日経ビジネス12月18日号の特集「謝罪の流儀2017」では、変わり続ける社会の常識と、それに対応できない企業が受けるダメージの大きさが取材を通じて浮き彫りになった。危機感を募らせる経営者らが頼るのが、専門の知識とノウハウを持った大手弁護士事務所や危機管理のコンサルティングなどを担う総合PR会社である。取材班は今回、彼らに企業が学ぶべき謝罪の流儀や危機対応のあり方について聞いた。活況を呈する「謝罪ビジネス」の最前線とは――。
2017年は製造業の品質に関する不祥事が相次いだ。写真は、子会社で検査データの書き換えなどの不正が発覚した三菱マテリアルが11月24日に開いた記者会見(写真:竹井 俊晴)
2017年は製造業の品質に関する不祥事が相次いだ。写真は、子会社で検査データの書き換えなどの不正が発覚した三菱マテリアルが11月24日に開いた記者会見(写真:竹井 俊晴)

 「大手法律事務所は、こぞって危機管理のサポートを重要なビジネスと位置付けている。ぜひ話を聞きに行った方がいい」。取材先からこんな助言を受け、取材班が向かったのが西村あさひ法律事務所だ。業界でもいち早く危機管理の分野に参入し、大手企業の不祥事対応や係争案件に関わってきた。

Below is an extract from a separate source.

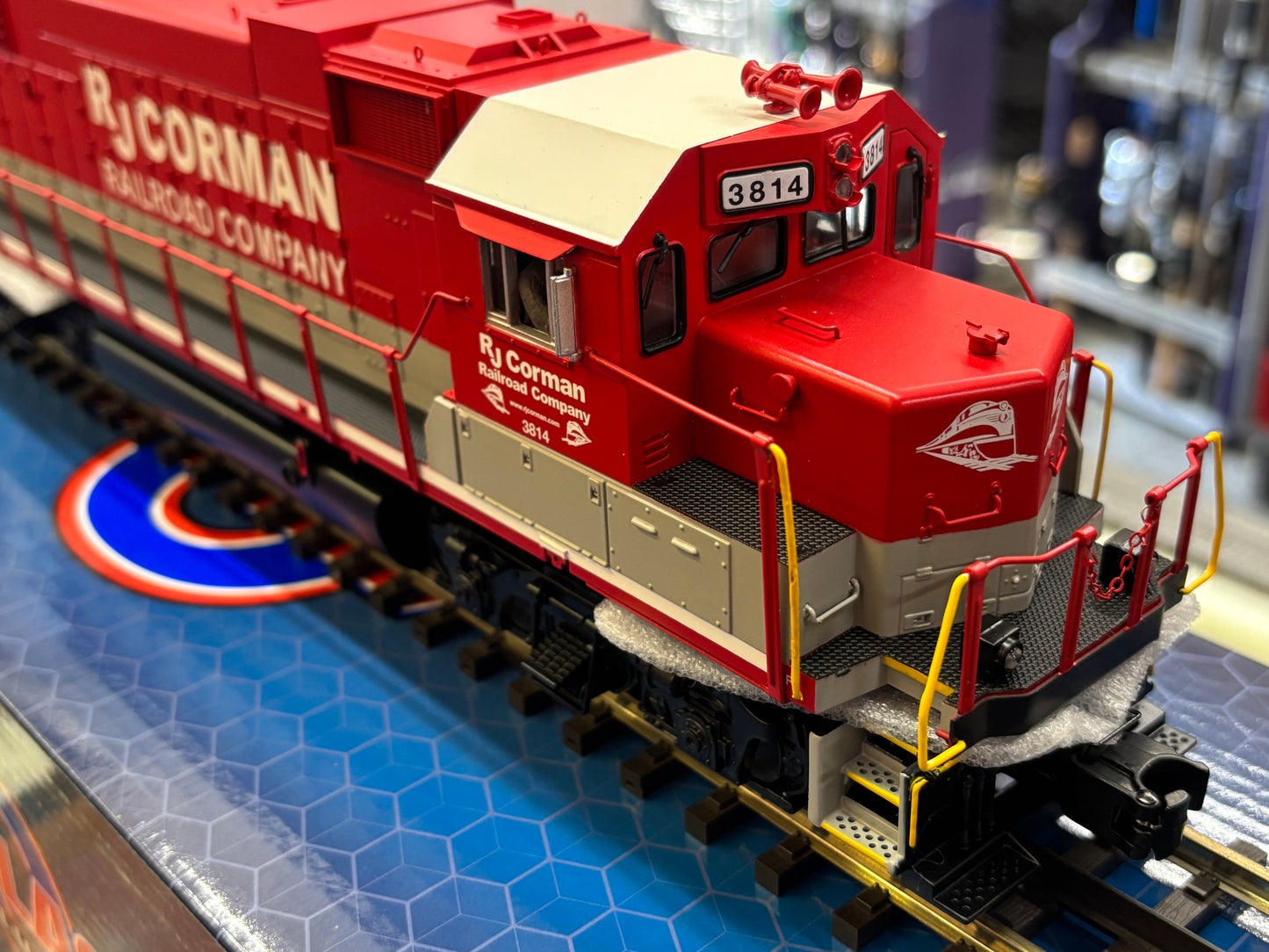 Now IN STOCK ( E-Z Catch RJ Corman GP38-3 Custom Atlas O Premier Cab # 3814 ( 3-rail )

 その内容は、重大な不祥事・紛争などの危機発生時に助言を提供すること。ホームページを参照すると、「(1)関係当局による調査・捜査への対応、(2)適時開示を含めた証券取引所対応、(3)監督官庁等の官公庁対応、(4)マスコミ対応、に関する助言をするほか、国際的な案件では、外国法律事務所等との連携のもとに対応策を助言します」とある。

 公表されている実績だけでも、大きな話題になった事案が並ぶ。2006年に発覚した、旧日興コーディアルグループの不正会計問題では、責任追及委員会に参画。07年に発生した東京都渋谷区の温泉施設「シエスパ」の爆発事故では、業務上過失致死傷罪に問われた施設運営会社の担当役員の刑事弁護も担当した。

 西村あさひで、こうした危機管理のエキスパートとして業界にその名を知られるのが、東京地検特捜部のOBでもある木目田裕弁護士だ。木目田氏は、「企業の危機管理が本格的に重視されるようになったのは2004年ごろから。粉飾決算をはじめ不祥事案件に社会の厳しい目が向けられるようになり、専門的な助言を求める企業が年々増加していった」と振り返る。

30人の弁護士が関わるケースも

 木目田氏のような検察OB、さらに金融系や報道機関の出身者など、西村あさひには多様な経歴を持った弁護士が集まっている。専門的な知識だけでなく、実際に「現場」を経験している彼らはその経験を生かし、様々な企業の不祥事や訴訟の案件に対応する。兼任も含めれば、危機管理に従事する弁護士は40人程度に上る。

 木目田氏は、「適切な助言をしながら、企業活動の再生を迅速に実現するのをサポートするのが我々の役割。ただ、近年は案件の内容やテーマも非常に多岐に渡ってきている」と明かす。実際、西村あさひに寄せられる案件は、相談レベルのものも含めれば年間100件以上。案件の大小によって、4~5人から時には30人程度の弁護士が関わることもあるという。

 弁護士といえば法律的な観点からの助言がその役割と思われがちだ。もちろん、それは重要な役割の一つだが、近年は法律論では判断できない、「炎上」への対応が必要なことは本特集でも取り上げた通り。違法性がなくとも、企業倫理に反するような不正に関しても対応が必要になる。危機管理チームの一員である鈴木悠介弁護士は、「監督官庁、マスメディア、世論などの動きに常に目配りしながら、当該企業の関係部門と調整を進める」と話す。